As the periodic bloodshed continues in the Middle East, the search for
an equitable solution must come to grips with the root cause of the conflict.
The conventional wisdom is that, even if both sides are at fault, the Palestinians
are irrational "terrorists" who have no point of view worth listening
to. Our position, however, is that the Palestinians have a real grievance:
their homeland for over a thousand years was taken, without their consent
and mostly by force, during the creation of the state of Israel. And all
subsequent crimes - on both sides - inevitably follow from this original
injustice.
This paper outlines the history of Palestine to show how this process
occurred and what a moral solution to the region's problems should consist
of. If you care about the people of the Middle East, Jewish and Arab, you
owe it to yourself to read this account of the other side of the historical
record.
The standard Zionist position is that they showed up in Palestine in
the late 19th century to reclaim their ancestral homeland. Jews bought
land and started building up the Jewish community there. They were met
with increasingly violent opposition from the Palestinian Arabs, presumably
stemming from the Arabs' inherent anti-Semitism. The Zionists were then
forced to defend themselves and, in one form or another, this same situation
continues up to today.
The problem with this explanation is that it is simply not true, as
the documentary evidence in this booklet will show. What really happened
was that the Zionist movement, from the beginning, looked forward to a
practically complete dispossession of the indigenous Arab population so
that Israel could be a wholly Jewish state, or as much as was possible.

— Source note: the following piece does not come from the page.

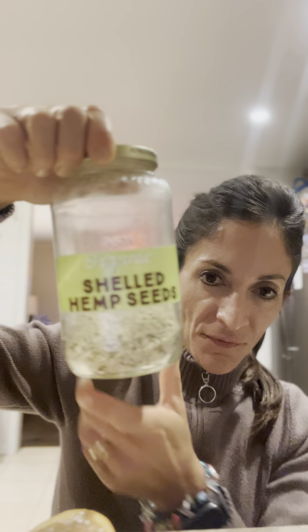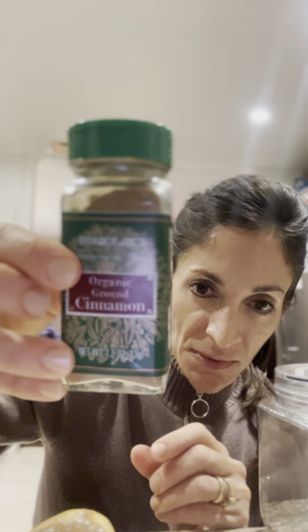Once you have your peanut butter on top — this is dripping! — you can add some seeds. I'm going to use hemp seeds, which are very healthy. You can also use chia seeds for calcium, vitamin D, and fiber, plus some walnuts for inflammation, and cinnamon for extra flavor — the perfect spice for this time of year.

Land bought by the Jewish National Fund was held in the name of the Jewish
people and could never be sold or even leased back to Arabs (a situation
which continues to the present).
The Arab community, as it became increasingly aware of the Zionists'
intentions, strenuously opposed further Jewish immigration and land buying
because it posed a real and imminent danger to the very existence of Arab
society in Palestine. Because of this opposition, the entire Zionist project
never could have been realized without the military backing of the British.

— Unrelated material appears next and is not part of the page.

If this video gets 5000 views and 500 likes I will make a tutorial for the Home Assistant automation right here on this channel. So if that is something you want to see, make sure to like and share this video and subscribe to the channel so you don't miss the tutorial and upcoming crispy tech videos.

The vast majority of the population of Palestine, by the way, had been
Arabic since the seventh century A.D. (Over 1200 years)

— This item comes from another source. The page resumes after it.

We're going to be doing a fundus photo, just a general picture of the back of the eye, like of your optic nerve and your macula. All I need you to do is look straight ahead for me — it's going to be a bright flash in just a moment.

In short, Zionism was based on a faulty, colonialist world view that
the rights of the indigenous inhabitants didn't matter. The Arabs' opposition
to Zionism wasn't based on anti-Semitism but rather on a totally reasonable
fear of the dispossession of their people.
One further point: being Jewish ourselves, the position we present here
is critical of Zionism but is in no way anti-Semitic. We do not believe
that the Jews acted worse than any other group might have acted in their
situation. The Zionists (who were a distinct minority of the Jewish people
until after WWII) had an understandable desire to establish a place where
Jews could be masters of their own fate, given the bleak history of Jewish
oppression. Especially as the danger to European Jewry crystalized in the
late 1930's and after, the actions of the Zionists were propelled by real
desperation.
But so were the actions of the Arabs. The mythic "land without
people for a people without land" was already home to 700,000 Palestinians
in 1919. This is the root of the problem, as we shall see.